Stored data entries:

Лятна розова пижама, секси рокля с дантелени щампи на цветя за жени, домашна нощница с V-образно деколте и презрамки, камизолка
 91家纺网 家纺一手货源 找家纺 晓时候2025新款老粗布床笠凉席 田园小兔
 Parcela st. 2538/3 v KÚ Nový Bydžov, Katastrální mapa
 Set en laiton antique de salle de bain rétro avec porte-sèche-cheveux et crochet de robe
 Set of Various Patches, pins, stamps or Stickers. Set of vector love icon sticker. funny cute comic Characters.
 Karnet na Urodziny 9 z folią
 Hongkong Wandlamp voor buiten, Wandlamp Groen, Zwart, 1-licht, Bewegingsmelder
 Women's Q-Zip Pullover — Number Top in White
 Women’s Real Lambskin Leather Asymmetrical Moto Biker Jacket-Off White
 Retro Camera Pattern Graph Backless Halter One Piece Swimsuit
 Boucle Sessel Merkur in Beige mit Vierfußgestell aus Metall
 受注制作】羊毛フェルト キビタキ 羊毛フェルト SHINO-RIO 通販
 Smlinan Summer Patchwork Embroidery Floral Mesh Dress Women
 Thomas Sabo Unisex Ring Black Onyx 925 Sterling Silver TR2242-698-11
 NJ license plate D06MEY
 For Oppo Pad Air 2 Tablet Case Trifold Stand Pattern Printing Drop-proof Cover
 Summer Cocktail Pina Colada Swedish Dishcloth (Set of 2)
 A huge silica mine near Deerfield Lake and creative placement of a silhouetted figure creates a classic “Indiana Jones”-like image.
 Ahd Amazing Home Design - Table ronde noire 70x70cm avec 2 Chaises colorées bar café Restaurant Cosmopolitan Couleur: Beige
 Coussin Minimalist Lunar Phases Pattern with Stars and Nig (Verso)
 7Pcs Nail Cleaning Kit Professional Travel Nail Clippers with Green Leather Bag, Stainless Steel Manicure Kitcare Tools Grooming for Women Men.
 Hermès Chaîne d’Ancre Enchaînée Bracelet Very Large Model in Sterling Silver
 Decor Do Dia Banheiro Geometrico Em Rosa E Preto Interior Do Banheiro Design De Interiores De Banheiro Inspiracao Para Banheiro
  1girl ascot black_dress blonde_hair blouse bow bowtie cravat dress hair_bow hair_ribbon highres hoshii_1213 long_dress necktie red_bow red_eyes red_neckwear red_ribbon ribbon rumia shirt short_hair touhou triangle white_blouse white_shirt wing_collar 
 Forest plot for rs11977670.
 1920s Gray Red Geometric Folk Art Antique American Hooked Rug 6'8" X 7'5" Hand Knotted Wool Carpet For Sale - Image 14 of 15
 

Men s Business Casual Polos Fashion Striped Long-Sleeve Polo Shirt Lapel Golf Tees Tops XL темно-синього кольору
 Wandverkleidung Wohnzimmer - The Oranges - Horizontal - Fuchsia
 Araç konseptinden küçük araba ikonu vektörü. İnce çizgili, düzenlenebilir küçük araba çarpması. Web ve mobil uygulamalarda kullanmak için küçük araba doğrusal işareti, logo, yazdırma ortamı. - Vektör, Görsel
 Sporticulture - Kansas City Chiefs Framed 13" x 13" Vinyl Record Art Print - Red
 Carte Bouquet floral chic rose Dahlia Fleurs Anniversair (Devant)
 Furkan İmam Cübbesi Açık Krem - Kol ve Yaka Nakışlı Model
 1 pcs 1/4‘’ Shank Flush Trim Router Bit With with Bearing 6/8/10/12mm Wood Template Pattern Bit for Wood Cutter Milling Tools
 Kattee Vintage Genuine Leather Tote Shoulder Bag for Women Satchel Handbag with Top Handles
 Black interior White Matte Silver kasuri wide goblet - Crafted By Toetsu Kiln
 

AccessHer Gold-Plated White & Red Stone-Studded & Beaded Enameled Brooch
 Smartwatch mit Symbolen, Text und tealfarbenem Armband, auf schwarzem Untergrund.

→ Action item
Could you return exactly the lines above from the line with "1girl ascot black_dress" to the line with "Furkan İmam Cübbesi", both included, and nothing else?

→ Result
  1girl ascot black_dress blonde_hair blouse bow bowtie cravat dress hair_bow hair_ribbon highres hoshii_1213 long_dress necktie red_bow red_eyes red_neckwear red_ribbon ribbon rumia shirt short_hair touhou triangle white_blouse white_shirt wing_collar 
 Forest plot for rs11977670.
 1920s Gray Red Geometric Folk Art Antique American Hooked Rug 6'8" X 7'5" Hand Knotted Wool Carpet For Sale - Image 14 of 15
 

Men s Business Casual Polos Fashion Striped Long-Sleeve Polo Shirt Lapel Golf Tees Tops XL темно-синього кольору
 Wandverkleidung Wohnzimmer - The Oranges - Horizontal - Fuchsia
 Araç konseptinden küçük araba ikonu vektörü. İnce çizgili, düzenlenebilir küçük araba çarpması. Web ve mobil uygulamalarda kullanmak için küçük araba doğrusal işareti, logo, yazdırma ortamı. - Vektör, Görsel
 Sporticulture - Kansas City Chiefs Framed 13" x 13" Vinyl Record Art Print - Red
 Carte Bouquet floral chic rose Dahlia Fleurs Anniversair (Devant)
 Furkan İmam Cübbesi Açık Krem - Kol ve Yaka Nakışlı Model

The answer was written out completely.